They say it only takes 15 minutes
By Peadar Whelan
For Sinéad, it all started at 6.30am on Saturday morning, 29 May.
The RUC and the loyalists where outside her Garvaghy Road home. The
loyalists were removing tricolours from the lamp posts and an RUC officer
was holding the ladder. When Sinead protested, another RUC man shoved her
back into the house, regardless of the fact that she had her small daughter
in her arms. The scene had been set for the rest of the day.
Heavily armed RUC and British army units, including paratroops, surrounded
the Garvaghy Road. There could have been 1,000 of them; it was hard to make
an accurate assessment and they were backed up by dozens of armoured
vehicles. They were at both ends of Garvaghy Road, they were all along Park
Road which links Garvaghy and Obins Street. They were at Obins Street, at
the Tunnel and at Craigwell Avenue.
The tension was palpable as everyone waited in anticipation of the return
of the Junior Orange Order from Bangor, where they were parading that
afternoon. Last year, serious rioting erupted after the same parade tried
to push its way up the Garvaghy Road. Seizing the opportunity, the RUC had
attacked nationalist residents.

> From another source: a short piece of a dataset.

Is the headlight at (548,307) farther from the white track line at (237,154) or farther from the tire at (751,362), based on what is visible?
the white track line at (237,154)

None on the Road wanted that to happen
again.
At the community centre, women gathered to make posters and paint banners
calling for justice for their community and peace for their children. The
women were planning to be at the front, to act as a buffer between the
crown forces and nationalist protesters.
As the afternoon drew to a close, the word came through that the Orange
marchers had arrived at Shillington's Bridge, at the bottom of the road.
Tension rose as it became obvious that the loyalists had not dispersed
peacefully. Later we would learn loyalists accompanying the Orange march
had engaged in a running battle with the crown forces attempting to
disperse them.
Blaming ``lager louts'' outside the stewardship of the parade, Orange Order
spokesperson David Jones said the troublemakers had been identified and
``would not be made welcome at any future events''.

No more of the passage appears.